I have the following struct
struct header {
unsigned int op:16;
unsigned int A:1;
unsigned int B:1;
unsigned int C:1;
unsigned int pad:1;
}
int main() {
struct header a;
printf("size of header is: %lu\n", sizeof(a));
return 0;
}
output is size of header is: 4
If I use __attribute__((__packed__))
struct __attribute__((__packed__)) header {
unsigned int op:16;
unsigned int A:1;
unsigned int B:1;
unsigned int C:1;
unsigned int pad:1;
}
int main() {
struct header a;
printf("size of header is: %lu\n", sizeof(a));
return 0;
}
output is size of header is: 3
Is there a way to avoid the padding to 3 bytes? Can I take only the required 20 bits?
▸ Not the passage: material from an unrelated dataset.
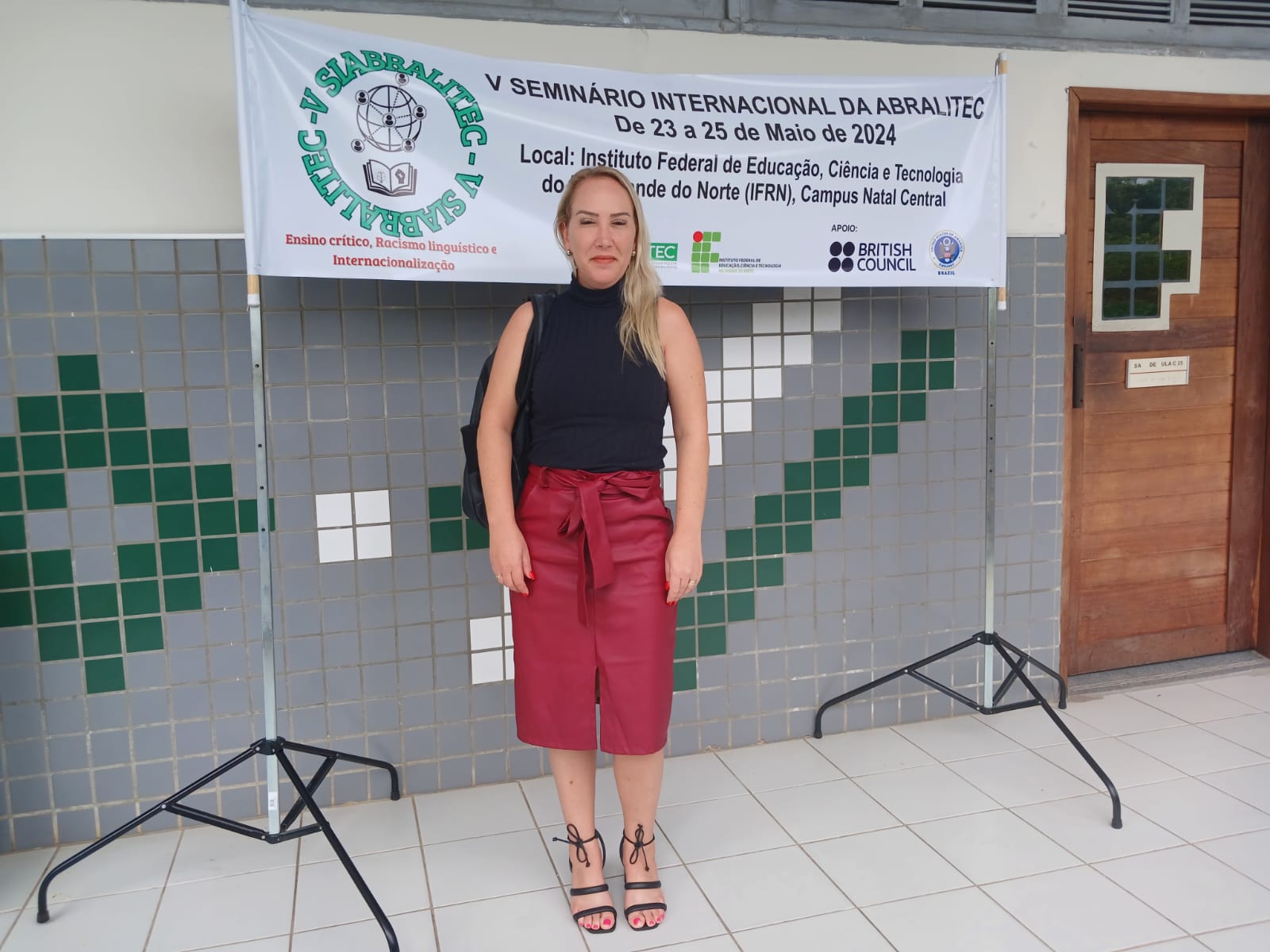 WhatsApp Image 2024 06 13 at 20.31.34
One of the reason I need this is for converting the struct to a hex number e.g
struct header test1, test2;
test1.op = 1;
test1.A = 0;
test1.B = 1
test1.C = 0;
test1.pad = 0;
test2.op = 1024;
test2.A = 0;
test2.B = 1
test2.C = 1;
test2.pad = 0;
is converted to 0x20001
and 0x60400
respectively and would like to avoid the need to remove the padding if possible
Is it possible to pack a struct in C to size defined by bits
No.
Is there a way to avoid the padding to 3 bytes?
No.
Can I take only the required 20 bits?
No.
The smallest addressable unit is a byte. Everything in C has to be a multiple of a byte.
(Theoretically, you could use a compiler (or re-compile GCC) with a byte having 10 bits, then your struct would take exactly 2 bytes. That would be tedious, non-portable and I would say ridiculous). However, on any modern platform, a byte has 8 bits.